ASSIGNED TASK
With all pictures omitted, return verbatim the lines from the beginning of the records below through the line containing "30 Howland St".

== EXTRACTED RECORDS

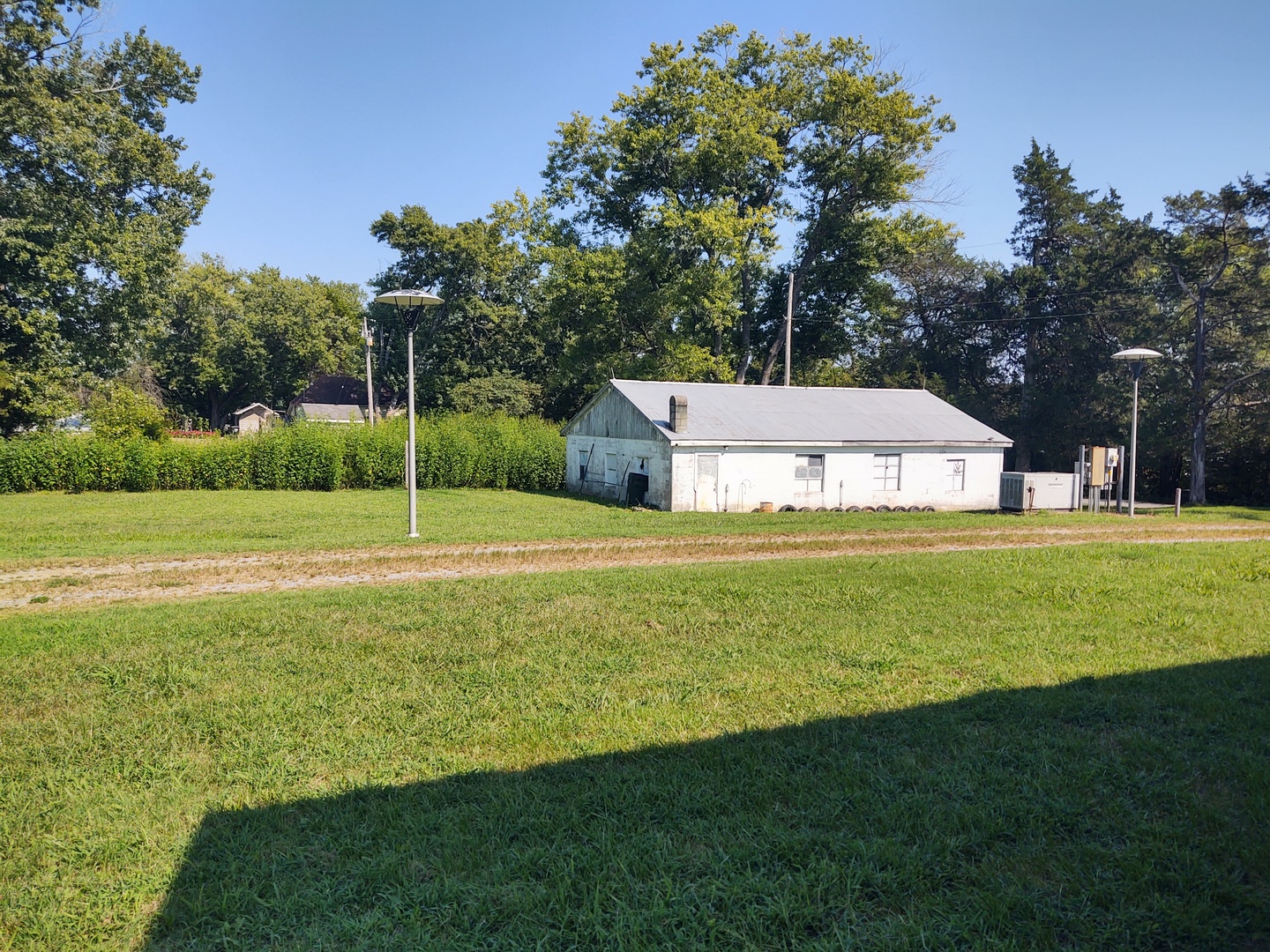 7020 Buncombe Road Property Photo 4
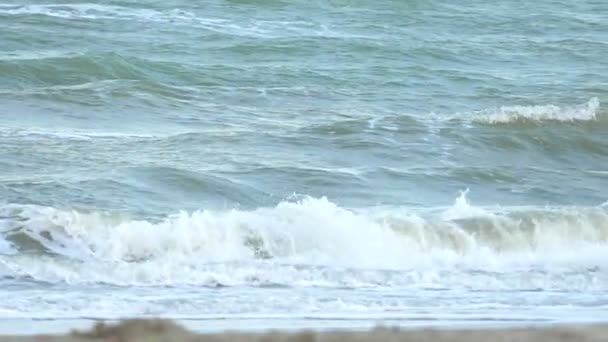 Slow Motion Belle vague géante bleue de l'océan s'écrasant sur la plage en Thaïlande : Slow Motion 100fps à 25 fps — Video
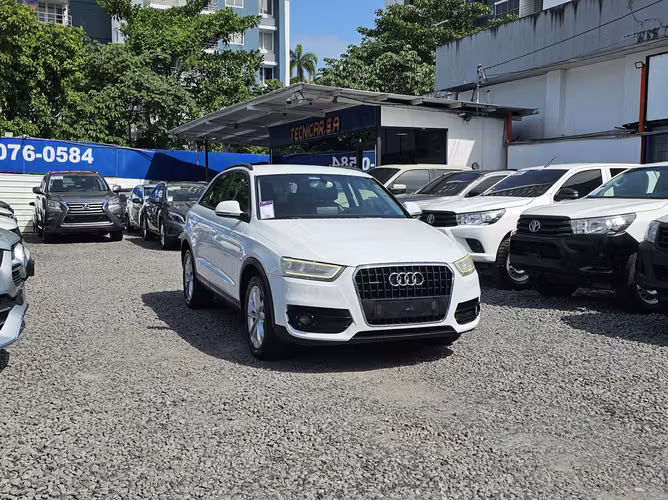 Audi Q3 2.0 T quattro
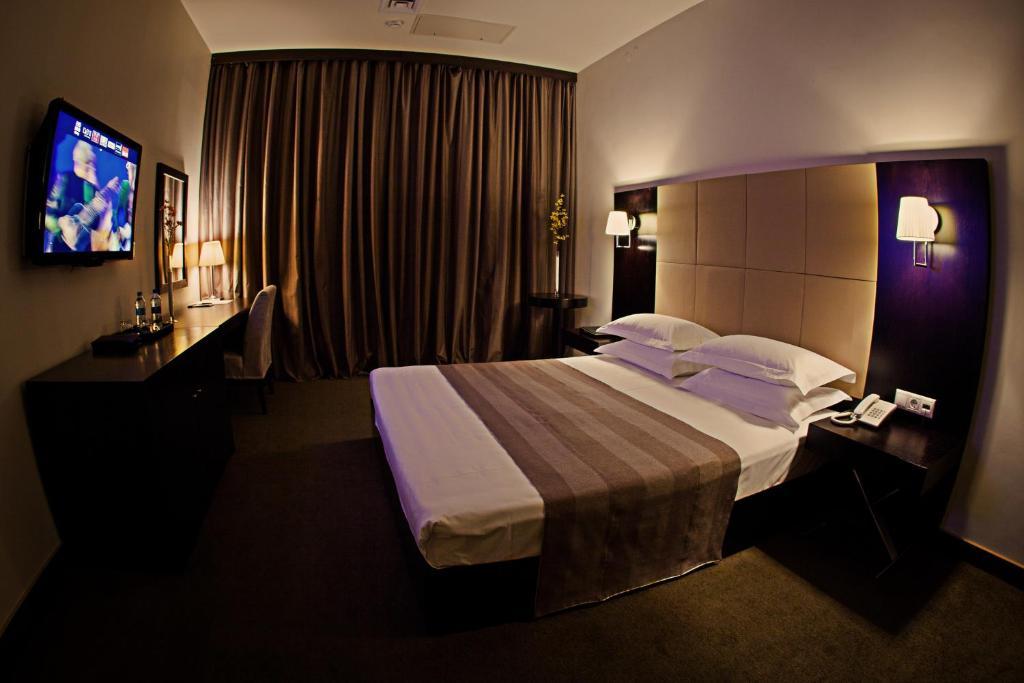 Karagandy Voyage Hotel חדר תמונה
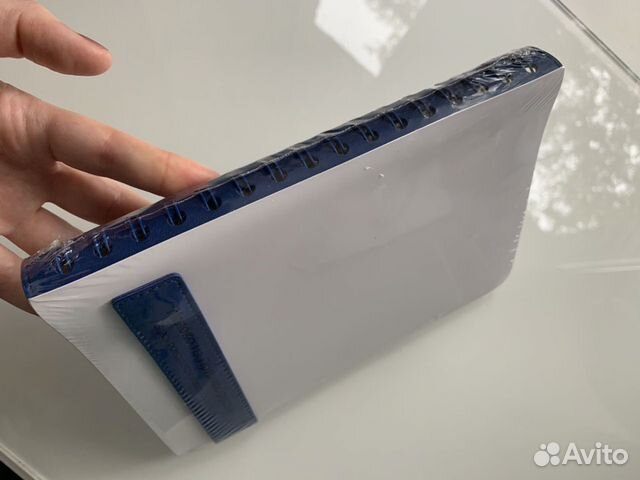 Бело-синий блокнот, кожаный переплет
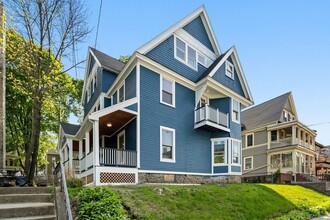 30 Howland St in Boston, MA - Building Photo - Building Photo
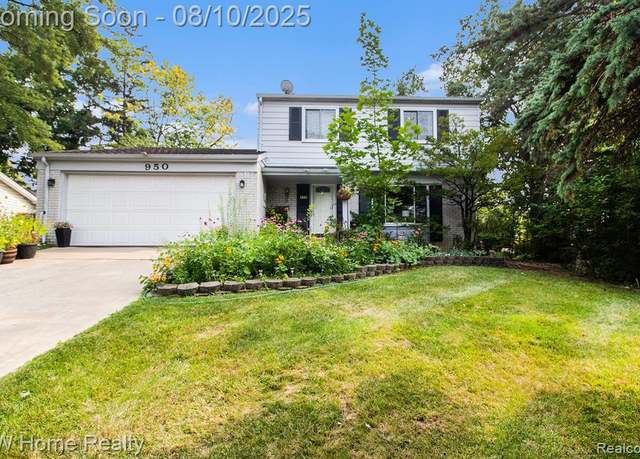 Property at 950 Lennox St, Ann Arbor, MI 48103 4530, 4 beds, 1.5 baths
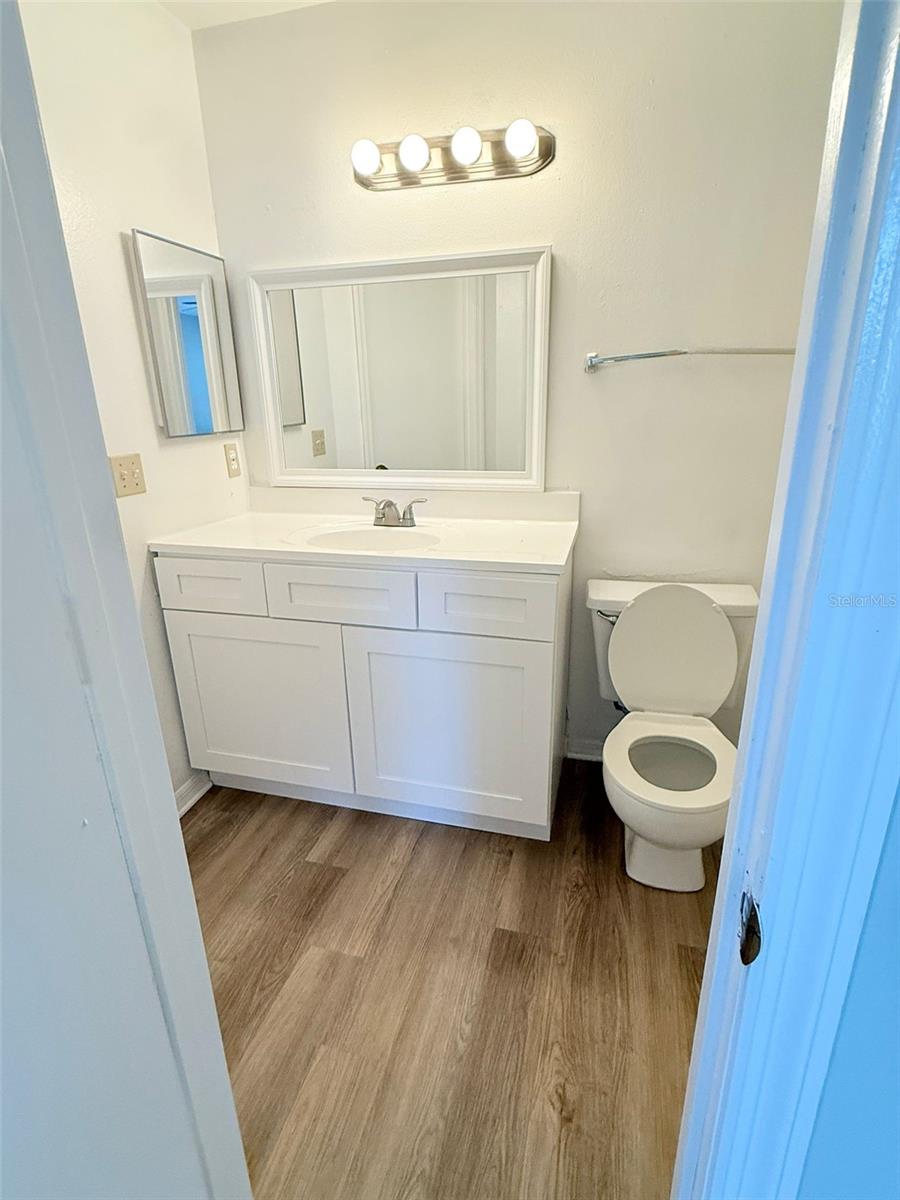 Image 18 of 22 For 401 Fountainhead Circle 249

====

ANSWER BOX
 7020 Buncombe Road Property Photo 4
 Slow Motion Belle vague géante bleue de l'océan s'écrasant sur la plage en Thaïlande : Slow Motion 100fps à 25 fps — Video
 Audi Q3 2.0 T quattro
 Karagandy Voyage Hotel חדר תמונה
 Бело-синий блокнот, кожаный переплет
 30 Howland St in Boston, MA - Building Photo - Building Photo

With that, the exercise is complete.